1. Juancarlo Añez
  2. grako
  3. Pull requests

Pull requests

#13 Merged

stateful parsing for grako

  1. Marcus Brinkmann


let's see if you like this or not :) It's a pure feature request, and I know the README says that grako is feature complete. However, in the parser I am working on (mediawiki-like syntax), I have several issues that would benefit a lot from stateful PEG parsing:

  • the syntax incorporates several HTML tags, which need proper nesting. In addition, wrong nesting must not prevent parsing. Instead, the wrong elements are rendered literally using a catch-all default rule. That default rule must be stopped from matching a proper close tag by a context-depending negative look-ahead assertion. I currently solve this by duplicating two rules for every valid tag.
  • the syntax uses bullet-style lists of various types, that can be nested arbitrarily. For example, a list element could be "**#*" followed by a "*#" item, which would mean that three sublist have to be closed and one new sublist opened. I currently collect all such list items in a flat list independent on the nesting level and implement nesting in a post-processing step, as stateless PEG parsing just can't do this, because of lack of locality.
  • the syntax allows a paragraph to be indented by a space, which wraps it in a pre-element. But this whitespace must be stripped from the other inline elements that are allowed in a paragraph (when they span over a newline). To work around this, I would have to copy all inline element rules to change the meaning of "\n" to "\n " (note the additional space character), causing dozens of rules to be duplicated.

The last item (content-dependending whitespace in inline elements) is what pushed me over the edge to implement stateful parsing in grako. I did consider several implementations. One of my favorite ideas was to extend the grammar to allow context-specific rule replacement and state-transitions on the rhs of a rule, like this (to continue the example above):

pre = paragraph/prestate ;
newline = "\n" ;
newline/prestate = "\n " ;

This is nice, because it makes the grammar readable (also, it can be implemented as a grammar transformation without special support), but it is rather limited. It can not handle the nested-lists example above, and for XML-style tags it still requires some repetition.
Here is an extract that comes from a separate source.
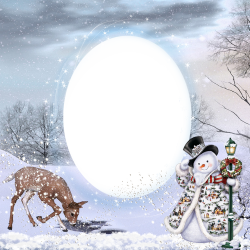 Transparent Christmas Winter PNG Photo Frame | Gallery Yopriceville ...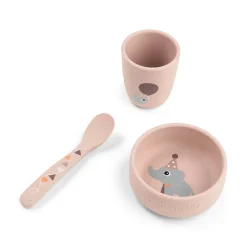 Vajilla set 3 piezas Celebration Powder · Done By Deer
So, I decided I would ignore the grammar side and push the semantics layer a bit. The result is this pull request. It adds what I think is the absolute minimum amount of fuzz to Grako to support stateful memoization and semantics that can access the parser context and thus get and set the state (currently by directly accessing _state).

This implementation does not change the grako grammar, and it is fully backwards compatible. Its performance impact is minimal for the problem (I could not measure a difference, but my test cases are rather small).

Semantics are now much more powerful, as they can access the parser context. This allows dynamic rule generation (of course, the created rule must only depend on the position, rule and state, to not break memoization). States can be any hashable object, so lists and dicts need to be converted to tuples and frozensets (recursively). It's a good idea to internalize these state objects so only one copy is in memory, but this can be implemented at the semantics layer without special support, by keeping a dictionary of state objects:

The test/example shows how to implement wiki-style lists without any post-processing. I added some comments below for your convenience.

Comments (5)

  1. Juancarlo Añez repo owner

    I'm all for this. It is a major change, so it would require a 2.1.0 or a 3.0.0 version. I favor 2.1 as the change doesn't seem to break anything already working. How about working on a branch for a while? I can see obvious simplifications like self.goto(p, state), and keeping the branch up to date with changes on 2.0 should be fairly easy. My preference is to develop new features in named branches; this one could be called something like stateful_rules?

    Oh! I don't see the changes to the bootstrap parser or the grako.ebnf grammar, but you already mentioned that.

  2. Marcus Brinkmann author

    If you create a new branch, I'll edit the pull request to be for that branch (I think that's how this works, although I am not sure).

    As I said, I was contemplating the grammar change, but then didn't go for it. It's not very powerful, more complex to implement, but of course also more convenient to use. Is the grammar change something you would like to see?

  3. Juancarlo Añez repo owner

    I created a stateful_parsing branch and accepted the pull request to it. I can do the changes to the grammar and the bootstrap parser once you formalize the syntax and the semantics.

    On a related note (not for this branch), it might be time to switch the bootstrap parser to the one generated by the bootstrap tests.

  4. Marcus Brinkmann author

    I think that's fine. My mediawiki parser shows that even without syntactical support, it is very useful, so why not first get some more experience with stateful parsing in general before adding shortcuts.